Eliot responded directly to Moore’s criticism in After Strange Gods: “I should say that in one’s prose reflexions one may be legitimately occupied with ideals, whereas in the writing of verse one can only deal with actuality.” The fact of the matter is that modernity has dissolved a great deal of the power of tradition, even as it sometimes deviates and innovates. As a result, anyone who sees the value of tradition is forced into a conscious role of being “conservative,” or to use Eliot’s term, “orthodox.” Thus his poems, which are ordered toward rendering the truth of things as they are, are quite different from his prose, which is governed by his consciously formulated ideas about how things ought to be.
I find Eliot’s explanation convincing. He adopted the formal innovations of modernist poetry in order to do justice to the actualities of modern life. But unlike so many modernists who thought the confused, fragmentary, dislocated qualities of modern experience are liberating (otherness! difference! spontaneity! the free expression of desire!), Eliot thought a great deal of modern life grey and debilitating. Thus in his prose he prescribed correctives, and did so in piquant, sharply worded and unequivocal judgments, all of which were ordered toward restoring the power of commanding authority that modernity has undermined. In that sense his prose style was as closely matched to his critical goals as his poetic style to his poetic mission.

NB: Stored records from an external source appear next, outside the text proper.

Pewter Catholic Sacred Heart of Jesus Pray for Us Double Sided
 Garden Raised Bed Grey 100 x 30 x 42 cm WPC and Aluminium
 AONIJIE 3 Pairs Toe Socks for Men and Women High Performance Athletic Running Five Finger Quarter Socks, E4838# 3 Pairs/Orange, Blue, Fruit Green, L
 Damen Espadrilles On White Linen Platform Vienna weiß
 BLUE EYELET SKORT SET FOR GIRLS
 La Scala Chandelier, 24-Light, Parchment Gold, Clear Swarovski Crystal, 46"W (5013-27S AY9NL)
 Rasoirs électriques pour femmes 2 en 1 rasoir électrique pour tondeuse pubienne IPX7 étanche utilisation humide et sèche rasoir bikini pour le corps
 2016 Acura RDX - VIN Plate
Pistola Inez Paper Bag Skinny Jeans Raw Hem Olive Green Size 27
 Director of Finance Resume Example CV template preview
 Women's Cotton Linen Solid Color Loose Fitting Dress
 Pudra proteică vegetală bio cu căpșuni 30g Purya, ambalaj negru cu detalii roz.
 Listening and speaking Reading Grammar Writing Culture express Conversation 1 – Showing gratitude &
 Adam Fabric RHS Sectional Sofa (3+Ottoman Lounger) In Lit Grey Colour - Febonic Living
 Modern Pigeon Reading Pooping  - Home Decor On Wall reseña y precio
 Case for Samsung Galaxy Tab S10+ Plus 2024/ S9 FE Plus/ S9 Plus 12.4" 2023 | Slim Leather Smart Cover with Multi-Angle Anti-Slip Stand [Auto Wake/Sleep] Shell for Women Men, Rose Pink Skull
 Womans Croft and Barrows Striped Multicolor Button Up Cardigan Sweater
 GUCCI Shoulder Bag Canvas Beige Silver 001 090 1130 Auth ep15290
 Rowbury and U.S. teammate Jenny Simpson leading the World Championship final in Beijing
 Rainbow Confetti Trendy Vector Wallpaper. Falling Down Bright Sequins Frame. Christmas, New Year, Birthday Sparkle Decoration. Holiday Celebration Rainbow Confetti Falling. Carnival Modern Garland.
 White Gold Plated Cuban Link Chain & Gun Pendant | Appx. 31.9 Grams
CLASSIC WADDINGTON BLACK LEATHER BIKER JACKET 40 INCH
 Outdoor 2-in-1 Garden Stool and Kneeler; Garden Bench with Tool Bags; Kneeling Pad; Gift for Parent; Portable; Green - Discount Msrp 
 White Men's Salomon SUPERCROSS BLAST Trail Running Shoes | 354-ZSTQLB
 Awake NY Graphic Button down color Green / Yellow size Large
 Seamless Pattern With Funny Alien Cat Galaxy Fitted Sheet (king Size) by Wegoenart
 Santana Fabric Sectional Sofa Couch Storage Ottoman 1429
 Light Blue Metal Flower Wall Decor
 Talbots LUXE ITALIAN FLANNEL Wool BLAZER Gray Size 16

This combination has a great deal to teach us. Few of us are poets, but most of us are citizens with a say in the future of our society. In having our say we need to be honest about the world as it is, and face it without self-deception. Secularization, the view that human beings are collections of atoms, sexual freedom, the scramble for wealth, careerism—these are facts that infiltrate everywhere, including our souls, making the beauty of an integrated life of faith elusive, difficult, and rare. Yet this honesty need not undermine our convictions, nor need it diminish our ardor on their behalf. We can be in the world, but not of it.